Some 667 buildings were placed on the LAUSD list in 2006 because of risk factors such as their age, type of construction, and proximity to an earthquake fault.

The list was created after a 1999 law, AB300, required the State Architect to inventory the seismic safety of concrete tilt-up and other non-wood public school buildings. Those buildings fell into two categories. Category one included buildings that were expected to survive an earthquake largely intact.
 
The second category were buildings that, quoting from the State Architect's instructions to school districts -- "require detailed seismic evaluation to determine if they can be expected to achieve life-safety performance."

That's government-speak for whether people in the buildings have a decent chance of surviving a big earthquake.

But so far only 46 of the 667 structures in that category have received that seismic evaluation. Even fewer have been repaired or replaced.
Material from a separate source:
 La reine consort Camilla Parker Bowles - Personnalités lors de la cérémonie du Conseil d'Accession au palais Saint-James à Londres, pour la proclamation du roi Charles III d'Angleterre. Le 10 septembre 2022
According to a spreadsheet the LAUSD released this week in response to a request from KPCC,  it appears hundreds of buildings have had no evaluation.

"If I didn't know anything about the program, I would read that and say that no one's even bothered to look at 600 buildings to have any idea whether they are safe or not," said Mark Hovatter,  chief of LAUSD's Facilities Services Division. "We have looked and we do have an idea, and they are safe."

The school district has done some basic evaluations of all buildings on the at-risk list, but it reserves the detailed structural evaluations for the highest risk buildings.

"It goes back to the definition of evaluation," Hovatter said. "We have evaluated them and determined them to be of a lower risk. The ones that were the highest risk, we've already gone out and done full engineering assessments and retrofits."

Despite the wording of LAUSD and State Architect documents describing those buildings -- as requiring seismic safety evaluations --  such evaluations are not mandatory, said Ken Hunt, spokesman for the State Architect's office, which oversees school construction. The state cannot force LAUSD or any other school district to perform detailed seismic evaluations.

Of the district's more than 13,000 buildings, 667 were placed on the at-risk list in 2006. The district ranked them by priority.

As KPCC previously reported, all 19 of the highest-risk buildings have been retrofitted except the gym and auditorium at Olive Vista Middle School in Sylmar. Those are scheduled to be torn down and rebuilt.

The school board has also approved funding to repair or replace all seven buildings in the second-riskiest category. Another 165 buildings in the next highest risk tier are in line for detailed seismic evaluations.

Tom Rubin, a consultant to the independent Bond Oversight Committee that  oversees LAUSD construction spending, said the district is doing more than the law requires when it comes to seismic safety.

"The district has literally torn down buildings that were legal to use as schools and replaced them, and there was no legal requirement to do so," Rubin said.

So far, the district has spent at least $153 million on seismic upgrades. But it's got a long way to go to finish a project list totaling more than a billion dollars.

Correction: An earlier version of this report said the language of the 1999 law known as AB300 required detailed seismic evaluations of certain school buildings. The language does not appear in the law, but in reports the Division of State Architect published to explain AB300  to the public and school districts.
The law required the State Architect to report to the Legislature which school buildings needed a detailed seismic evaluation to determine their seismic risk, but the law did not mandate such evaluations. The original version of this story has been changed.